# Closed cell poly iso roofing material for residential



## KurtP (Sep 12, 2010)

I recently acquired several 3 3/4" x 4' x 8' closed cell poly iso foam core faced with heavy black fiber-reinforced organic felt (non-asphaltic) on both sides. The brand name is AC Foam II. This material is apparently used to insulate commercial buildings with 'hot asphalt or coal tar BUR, modified bitumen, and single-ply membrane systems'. I was wondering if I can used it to insulate my pitched roof by putting it between the sheathing and roof shingles instead of cutting it to size and putting it on the inside between the rafters, which would lower an already low headspace in the attic even more.
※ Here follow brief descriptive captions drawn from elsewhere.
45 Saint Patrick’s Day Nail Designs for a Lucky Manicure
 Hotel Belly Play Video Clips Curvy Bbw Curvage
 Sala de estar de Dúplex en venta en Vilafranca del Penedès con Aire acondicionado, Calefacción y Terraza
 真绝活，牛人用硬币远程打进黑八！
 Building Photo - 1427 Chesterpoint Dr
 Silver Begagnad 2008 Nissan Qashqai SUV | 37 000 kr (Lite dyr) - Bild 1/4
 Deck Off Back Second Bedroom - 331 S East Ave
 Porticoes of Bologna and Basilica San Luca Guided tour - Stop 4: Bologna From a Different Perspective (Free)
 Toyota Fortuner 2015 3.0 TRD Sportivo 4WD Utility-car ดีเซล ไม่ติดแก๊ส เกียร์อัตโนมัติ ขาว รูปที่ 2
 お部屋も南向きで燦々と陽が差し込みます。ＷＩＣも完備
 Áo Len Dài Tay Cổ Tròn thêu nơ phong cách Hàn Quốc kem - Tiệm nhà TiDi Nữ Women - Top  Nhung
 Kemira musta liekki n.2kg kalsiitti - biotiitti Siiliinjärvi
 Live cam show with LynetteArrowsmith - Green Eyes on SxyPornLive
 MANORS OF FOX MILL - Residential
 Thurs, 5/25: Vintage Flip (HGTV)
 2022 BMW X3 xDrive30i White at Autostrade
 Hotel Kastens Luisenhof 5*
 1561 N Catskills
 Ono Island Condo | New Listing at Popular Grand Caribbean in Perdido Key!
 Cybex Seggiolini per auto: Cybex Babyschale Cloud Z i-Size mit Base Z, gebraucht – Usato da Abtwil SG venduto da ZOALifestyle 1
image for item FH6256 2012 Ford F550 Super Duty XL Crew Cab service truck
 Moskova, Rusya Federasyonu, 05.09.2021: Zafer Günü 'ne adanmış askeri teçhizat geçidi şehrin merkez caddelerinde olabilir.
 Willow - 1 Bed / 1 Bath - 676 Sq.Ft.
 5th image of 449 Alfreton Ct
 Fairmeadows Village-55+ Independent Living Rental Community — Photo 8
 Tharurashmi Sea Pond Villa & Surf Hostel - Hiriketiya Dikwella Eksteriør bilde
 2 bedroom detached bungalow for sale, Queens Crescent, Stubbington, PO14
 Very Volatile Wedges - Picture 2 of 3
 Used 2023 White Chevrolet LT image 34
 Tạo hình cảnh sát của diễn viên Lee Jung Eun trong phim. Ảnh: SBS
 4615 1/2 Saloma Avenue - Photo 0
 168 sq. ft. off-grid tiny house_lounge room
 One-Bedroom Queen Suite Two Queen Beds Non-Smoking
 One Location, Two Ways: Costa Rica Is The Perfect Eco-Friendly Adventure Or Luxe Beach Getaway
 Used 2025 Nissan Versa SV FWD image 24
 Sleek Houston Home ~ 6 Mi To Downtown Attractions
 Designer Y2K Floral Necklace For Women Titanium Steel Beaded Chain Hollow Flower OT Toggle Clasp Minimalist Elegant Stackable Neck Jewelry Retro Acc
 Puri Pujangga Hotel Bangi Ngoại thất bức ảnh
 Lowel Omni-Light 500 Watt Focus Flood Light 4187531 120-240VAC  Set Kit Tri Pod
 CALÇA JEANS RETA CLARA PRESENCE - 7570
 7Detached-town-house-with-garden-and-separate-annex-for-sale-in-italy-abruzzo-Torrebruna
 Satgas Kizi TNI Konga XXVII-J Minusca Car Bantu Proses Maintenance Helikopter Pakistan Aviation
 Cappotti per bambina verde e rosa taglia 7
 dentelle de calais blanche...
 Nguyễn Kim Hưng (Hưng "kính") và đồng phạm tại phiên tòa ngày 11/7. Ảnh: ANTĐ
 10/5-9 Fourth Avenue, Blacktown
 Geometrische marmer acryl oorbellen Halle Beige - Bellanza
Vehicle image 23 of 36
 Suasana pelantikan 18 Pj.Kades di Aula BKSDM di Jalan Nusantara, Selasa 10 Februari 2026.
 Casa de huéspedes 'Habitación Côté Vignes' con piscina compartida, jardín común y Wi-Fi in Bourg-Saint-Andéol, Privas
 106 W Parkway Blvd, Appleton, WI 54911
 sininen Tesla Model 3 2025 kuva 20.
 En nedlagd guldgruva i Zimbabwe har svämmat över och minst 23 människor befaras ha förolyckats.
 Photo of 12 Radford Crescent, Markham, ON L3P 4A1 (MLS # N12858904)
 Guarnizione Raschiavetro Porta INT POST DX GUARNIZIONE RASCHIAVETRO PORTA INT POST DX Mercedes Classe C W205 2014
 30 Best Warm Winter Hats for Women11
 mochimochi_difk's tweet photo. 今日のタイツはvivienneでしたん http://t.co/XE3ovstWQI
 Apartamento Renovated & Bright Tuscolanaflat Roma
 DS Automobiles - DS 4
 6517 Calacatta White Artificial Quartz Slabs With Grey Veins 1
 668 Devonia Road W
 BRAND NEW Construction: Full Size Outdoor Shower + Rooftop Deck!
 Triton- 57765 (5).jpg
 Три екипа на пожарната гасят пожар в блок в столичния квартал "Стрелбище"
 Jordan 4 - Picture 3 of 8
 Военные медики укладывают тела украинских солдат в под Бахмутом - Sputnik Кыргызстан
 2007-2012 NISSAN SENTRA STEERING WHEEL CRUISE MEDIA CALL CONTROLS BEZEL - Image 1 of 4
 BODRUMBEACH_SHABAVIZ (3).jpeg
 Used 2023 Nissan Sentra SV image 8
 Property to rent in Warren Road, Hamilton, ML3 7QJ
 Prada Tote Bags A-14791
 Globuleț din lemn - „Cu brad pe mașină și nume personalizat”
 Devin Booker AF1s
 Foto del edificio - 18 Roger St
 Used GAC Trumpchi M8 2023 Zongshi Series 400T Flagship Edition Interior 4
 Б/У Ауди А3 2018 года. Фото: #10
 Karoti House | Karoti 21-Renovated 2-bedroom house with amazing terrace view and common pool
I know two big issues are getting fasteners long enough to reach the sheathing and covering up the exposed ends. Can this work?


----------



## TarheelTerp (Jan 6, 2009)

kurtp2 said:


> 3 3/4" x 4' x 8' closed cell poly iso foam core (@ 6-7 R per inch =R24)...
> ...putting it between the sheathing and roof shingles...
> ...putting it on the inside between the rafters,
> Can this work?


How about laying it between/over the ceiling joists (or truss chord)?


----------



## Windows on Wash (Aug 30, 2011)

You can do that is you decide to create a "hot" roof but you will need a nail-able base (another layer of plywood) applied to the top of the foam.

You should not use it and nail directly through the foam to attach the shingles. It never works properly that way.

Also, make sure you are applying a suitable thickness to the roof when you do it.


----------